Ne yazık ki bu tohumlar, GDO (Genetiği ile oynanmış) tohumlardır. Yani bu tohumları ekiyorsunuz ama ondan, gelecek yılın tohumlarını alamıyorsunuz. Yani tohumculukta dışarıya ve özellikle de İsrail’e bağımlı hale getirilmiş bulunmaktayız.
Onlar da önceleri tohum fiyatlarını makul seviyede tutarlarken şimdilerde “milli tohumlarımız” artık yetişmediğinden (yukarıda kanun sebebiyle) tohum fiyatlarını yükseltmişler, “1 gram tohum, 1 gram altın” durumuna getirmişlerdir.

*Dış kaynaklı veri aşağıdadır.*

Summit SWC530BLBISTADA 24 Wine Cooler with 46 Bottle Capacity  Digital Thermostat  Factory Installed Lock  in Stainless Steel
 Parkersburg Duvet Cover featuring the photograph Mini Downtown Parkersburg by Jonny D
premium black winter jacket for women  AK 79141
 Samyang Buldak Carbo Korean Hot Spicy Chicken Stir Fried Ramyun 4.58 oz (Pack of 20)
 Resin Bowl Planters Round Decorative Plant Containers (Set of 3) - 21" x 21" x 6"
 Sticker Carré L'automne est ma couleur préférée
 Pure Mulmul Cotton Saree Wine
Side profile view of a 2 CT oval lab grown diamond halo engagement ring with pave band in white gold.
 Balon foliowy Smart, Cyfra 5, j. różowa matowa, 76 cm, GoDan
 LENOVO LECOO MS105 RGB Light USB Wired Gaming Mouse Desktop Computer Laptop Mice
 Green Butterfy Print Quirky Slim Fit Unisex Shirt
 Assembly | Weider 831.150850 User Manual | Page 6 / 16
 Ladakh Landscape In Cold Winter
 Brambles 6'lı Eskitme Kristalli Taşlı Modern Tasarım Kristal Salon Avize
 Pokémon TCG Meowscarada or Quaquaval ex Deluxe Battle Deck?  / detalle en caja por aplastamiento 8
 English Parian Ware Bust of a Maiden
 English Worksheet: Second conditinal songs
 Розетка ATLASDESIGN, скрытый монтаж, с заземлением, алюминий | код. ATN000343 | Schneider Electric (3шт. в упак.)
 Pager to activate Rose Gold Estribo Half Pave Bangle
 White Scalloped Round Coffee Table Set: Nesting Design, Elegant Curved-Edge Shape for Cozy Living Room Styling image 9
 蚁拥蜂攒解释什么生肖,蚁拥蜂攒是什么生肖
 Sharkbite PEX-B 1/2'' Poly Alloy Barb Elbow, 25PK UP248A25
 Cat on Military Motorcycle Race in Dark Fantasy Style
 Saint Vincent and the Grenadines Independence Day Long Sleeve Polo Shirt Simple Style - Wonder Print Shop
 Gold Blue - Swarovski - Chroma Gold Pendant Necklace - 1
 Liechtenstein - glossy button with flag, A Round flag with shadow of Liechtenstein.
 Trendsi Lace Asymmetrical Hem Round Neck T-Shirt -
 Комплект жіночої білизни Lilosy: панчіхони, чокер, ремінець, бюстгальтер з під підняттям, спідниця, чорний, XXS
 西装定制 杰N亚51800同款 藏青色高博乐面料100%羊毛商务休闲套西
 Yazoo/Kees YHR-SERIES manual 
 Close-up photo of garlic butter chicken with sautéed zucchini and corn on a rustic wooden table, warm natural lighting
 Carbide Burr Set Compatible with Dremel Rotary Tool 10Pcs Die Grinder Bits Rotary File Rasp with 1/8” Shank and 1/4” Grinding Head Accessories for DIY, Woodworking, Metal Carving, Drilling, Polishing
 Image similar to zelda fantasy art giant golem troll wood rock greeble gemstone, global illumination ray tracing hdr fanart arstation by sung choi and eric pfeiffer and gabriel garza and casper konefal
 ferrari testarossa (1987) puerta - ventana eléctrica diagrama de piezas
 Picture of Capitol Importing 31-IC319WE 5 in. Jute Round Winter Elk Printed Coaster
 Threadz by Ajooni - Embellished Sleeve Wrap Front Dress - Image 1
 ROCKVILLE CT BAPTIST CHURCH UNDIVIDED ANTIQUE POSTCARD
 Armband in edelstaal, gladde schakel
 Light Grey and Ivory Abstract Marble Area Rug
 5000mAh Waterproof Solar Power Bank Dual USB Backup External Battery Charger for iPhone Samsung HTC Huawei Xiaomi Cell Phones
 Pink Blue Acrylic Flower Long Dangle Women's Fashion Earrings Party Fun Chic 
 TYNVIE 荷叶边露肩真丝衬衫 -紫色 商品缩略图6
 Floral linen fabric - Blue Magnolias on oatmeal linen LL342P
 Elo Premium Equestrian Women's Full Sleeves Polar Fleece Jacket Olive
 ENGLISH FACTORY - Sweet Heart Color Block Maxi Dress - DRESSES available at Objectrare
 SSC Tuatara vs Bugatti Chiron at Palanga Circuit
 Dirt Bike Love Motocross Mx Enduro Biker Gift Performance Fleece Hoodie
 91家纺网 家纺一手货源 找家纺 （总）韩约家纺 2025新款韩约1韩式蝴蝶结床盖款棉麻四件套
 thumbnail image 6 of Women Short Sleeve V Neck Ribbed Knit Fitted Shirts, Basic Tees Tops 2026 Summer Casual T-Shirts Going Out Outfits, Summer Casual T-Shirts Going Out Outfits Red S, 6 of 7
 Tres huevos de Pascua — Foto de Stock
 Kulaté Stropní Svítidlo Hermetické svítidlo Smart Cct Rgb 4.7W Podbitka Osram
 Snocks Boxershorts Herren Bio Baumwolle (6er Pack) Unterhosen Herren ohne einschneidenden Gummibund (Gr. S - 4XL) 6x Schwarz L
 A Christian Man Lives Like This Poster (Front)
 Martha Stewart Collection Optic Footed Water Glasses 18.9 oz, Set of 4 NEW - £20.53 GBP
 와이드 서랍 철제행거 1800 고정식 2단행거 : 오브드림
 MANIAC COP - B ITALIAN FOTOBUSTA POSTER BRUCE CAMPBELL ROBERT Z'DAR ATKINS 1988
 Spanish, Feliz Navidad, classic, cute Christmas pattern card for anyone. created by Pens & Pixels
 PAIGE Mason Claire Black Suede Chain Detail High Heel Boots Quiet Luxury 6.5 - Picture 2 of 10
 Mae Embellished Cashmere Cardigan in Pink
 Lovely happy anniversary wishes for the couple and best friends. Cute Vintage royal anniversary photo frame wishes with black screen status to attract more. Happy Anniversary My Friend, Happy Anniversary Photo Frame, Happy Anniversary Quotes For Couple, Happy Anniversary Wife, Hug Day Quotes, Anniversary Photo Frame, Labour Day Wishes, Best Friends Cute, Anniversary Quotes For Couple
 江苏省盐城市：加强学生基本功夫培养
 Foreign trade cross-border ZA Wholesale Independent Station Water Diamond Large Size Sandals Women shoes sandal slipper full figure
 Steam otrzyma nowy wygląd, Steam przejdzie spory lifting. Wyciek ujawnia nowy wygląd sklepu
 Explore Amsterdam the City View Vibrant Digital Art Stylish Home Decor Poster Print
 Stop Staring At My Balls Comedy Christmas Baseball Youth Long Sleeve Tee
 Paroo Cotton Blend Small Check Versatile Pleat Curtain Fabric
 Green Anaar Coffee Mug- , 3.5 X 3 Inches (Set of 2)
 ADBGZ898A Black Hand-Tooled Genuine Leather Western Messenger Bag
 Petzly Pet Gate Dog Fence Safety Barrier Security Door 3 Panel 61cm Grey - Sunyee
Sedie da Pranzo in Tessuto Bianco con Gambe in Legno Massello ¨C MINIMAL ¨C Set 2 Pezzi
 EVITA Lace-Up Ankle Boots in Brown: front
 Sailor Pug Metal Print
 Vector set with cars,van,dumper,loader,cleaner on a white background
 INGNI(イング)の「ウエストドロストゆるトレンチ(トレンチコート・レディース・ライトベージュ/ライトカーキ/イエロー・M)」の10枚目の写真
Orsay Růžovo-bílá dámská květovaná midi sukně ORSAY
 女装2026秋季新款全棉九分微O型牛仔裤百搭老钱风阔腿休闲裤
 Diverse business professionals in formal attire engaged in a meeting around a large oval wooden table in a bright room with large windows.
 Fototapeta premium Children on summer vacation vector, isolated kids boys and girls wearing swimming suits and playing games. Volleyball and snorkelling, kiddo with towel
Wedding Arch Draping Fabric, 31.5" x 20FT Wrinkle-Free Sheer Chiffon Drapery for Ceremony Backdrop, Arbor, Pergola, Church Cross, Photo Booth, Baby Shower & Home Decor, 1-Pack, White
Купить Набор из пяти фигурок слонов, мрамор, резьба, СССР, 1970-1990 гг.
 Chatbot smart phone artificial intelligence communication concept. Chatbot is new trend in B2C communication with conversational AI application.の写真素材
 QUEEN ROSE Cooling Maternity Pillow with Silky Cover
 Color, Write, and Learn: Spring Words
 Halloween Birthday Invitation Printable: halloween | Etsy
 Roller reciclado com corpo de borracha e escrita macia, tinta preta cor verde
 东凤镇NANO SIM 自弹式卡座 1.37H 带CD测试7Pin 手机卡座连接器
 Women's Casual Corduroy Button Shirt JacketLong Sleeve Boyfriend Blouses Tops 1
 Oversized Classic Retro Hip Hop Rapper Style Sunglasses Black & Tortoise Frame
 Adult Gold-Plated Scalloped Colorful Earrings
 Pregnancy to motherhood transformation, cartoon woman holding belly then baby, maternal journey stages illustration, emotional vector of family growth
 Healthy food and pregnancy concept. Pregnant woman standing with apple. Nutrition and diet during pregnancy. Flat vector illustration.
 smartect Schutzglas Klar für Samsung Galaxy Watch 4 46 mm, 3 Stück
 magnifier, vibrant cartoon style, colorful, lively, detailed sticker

Bizim girebilmek için uğraştığımız ve bu uğurda “Bakanlık” bile kurduğumuz AB (Avrupa Birliği) ülkeleri ise GDO’lu gıdalara karşıdırlar ve bu tür gıdaları ülkelerine sokmamaktadırlar.
Bir müddet önce AB, yaptığı bir gıda maddeleri ithalatında, gıdalar üzerinde GDO bulaşığı tespit edince, “Bu GDO nereden bulaştı? Acaba üretim esnasında mı yoksa nakliye sırasında mı?” demişler ve hemen araştırmaya başlamışlardır.
GDO’lu tohumlarla yetişen gıdaları yiyen topluluklarda kanser olaylarının arttığı ve yiyen insanların (erkek, kadın, çocuk) zaman içerisinde tohumların taşıdığı “kısırlık alametleri” yaşayacağı belirtilmektedir. Yani çok riskli bir durum ortadadır.
Bu kanunu çıkaran Hükümetimiz; bir zaman sonra artık Başbakan’ın; “üç çocuk yapın” tavsiyesine rağmen neslimizin artmadığını, insanlarımızda kanser olaylarının arttığını tespit ettiği zaman, bu yoldan nasıl geri dönecektir? Söz konusu kanunla, Milli tohumculuğumuz yok edilmiş ama İthal GDO’lu tohumlar da zehir saçmakta iseler… Var mı bunun başka bir alternatifi?
Evet… “Bir ihtimal daha var,/O da ölmek mi dersin?”